Problem statement: Omitting the pictures, print every line below exactly as it stands.

Available data:
== Segment start ==

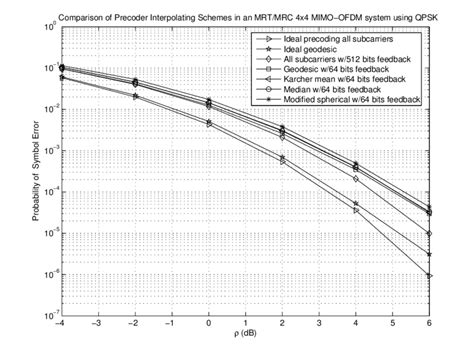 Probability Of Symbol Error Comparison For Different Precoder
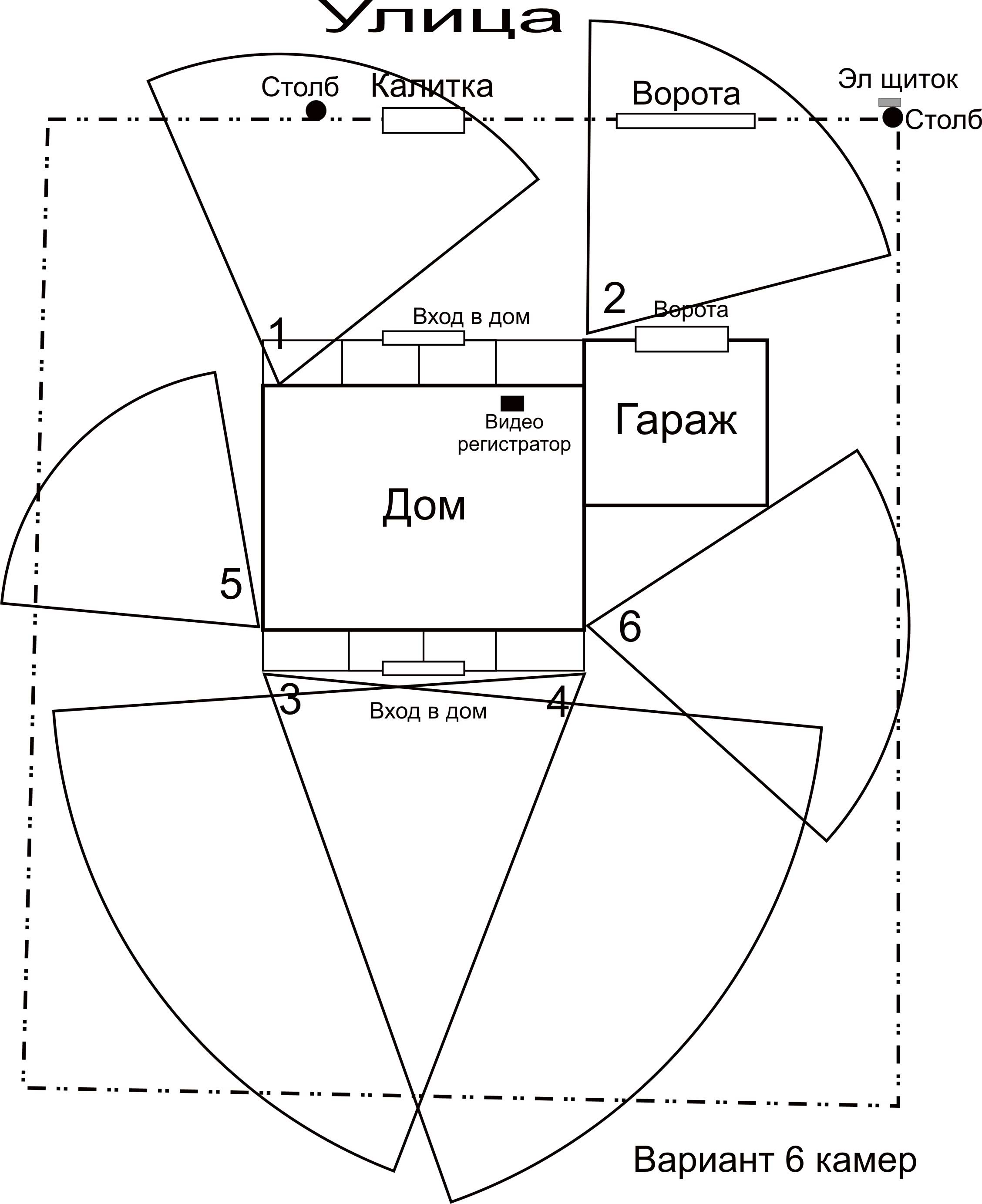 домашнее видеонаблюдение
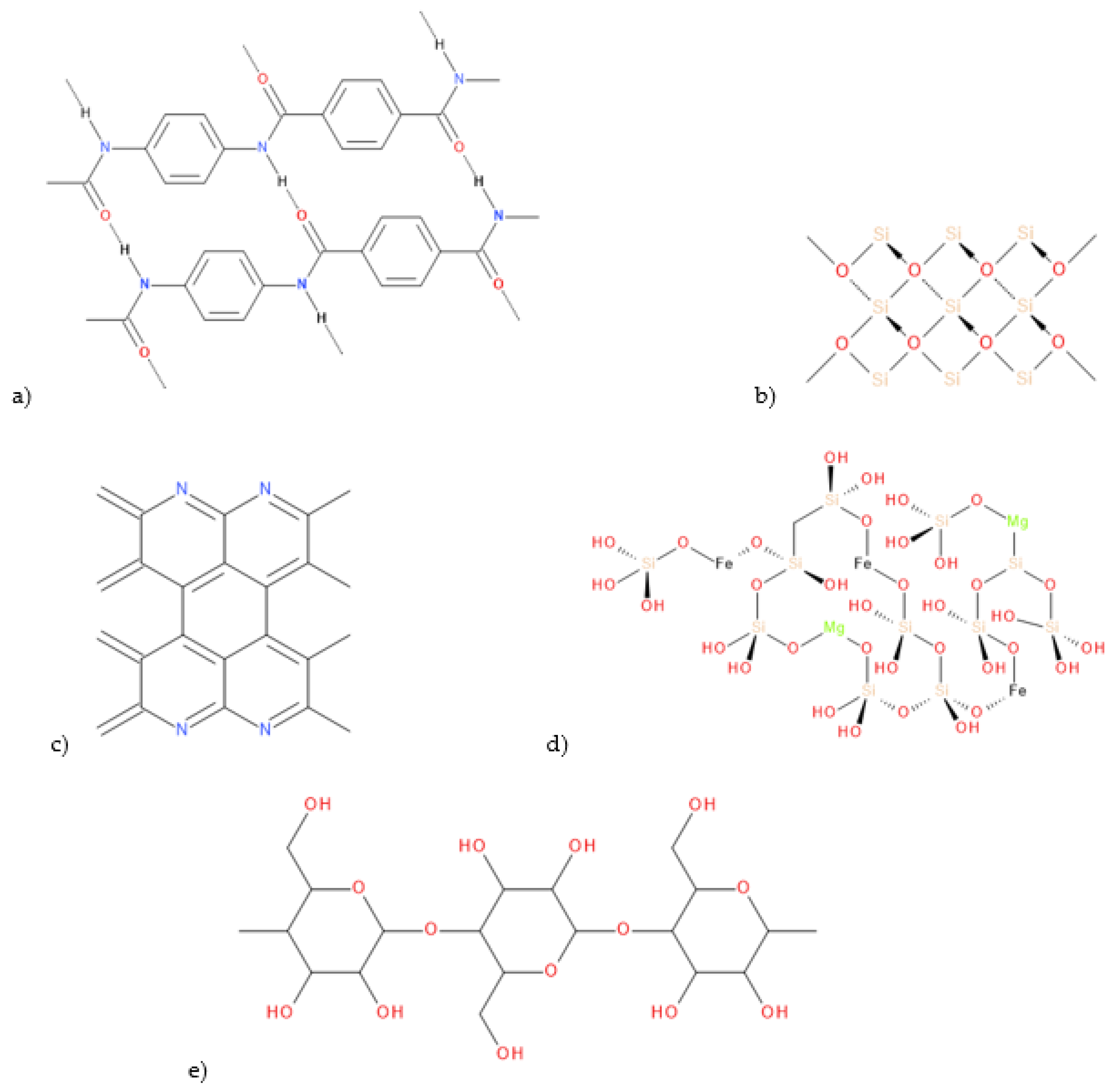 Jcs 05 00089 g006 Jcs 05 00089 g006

== Segment end ==

Exercise result:
 Probability Of Symbol Error Comparison For Different Precoder
 домашнее видеонаблюдение
 Jcs 05 00089 g006 Jcs 05 00089 g006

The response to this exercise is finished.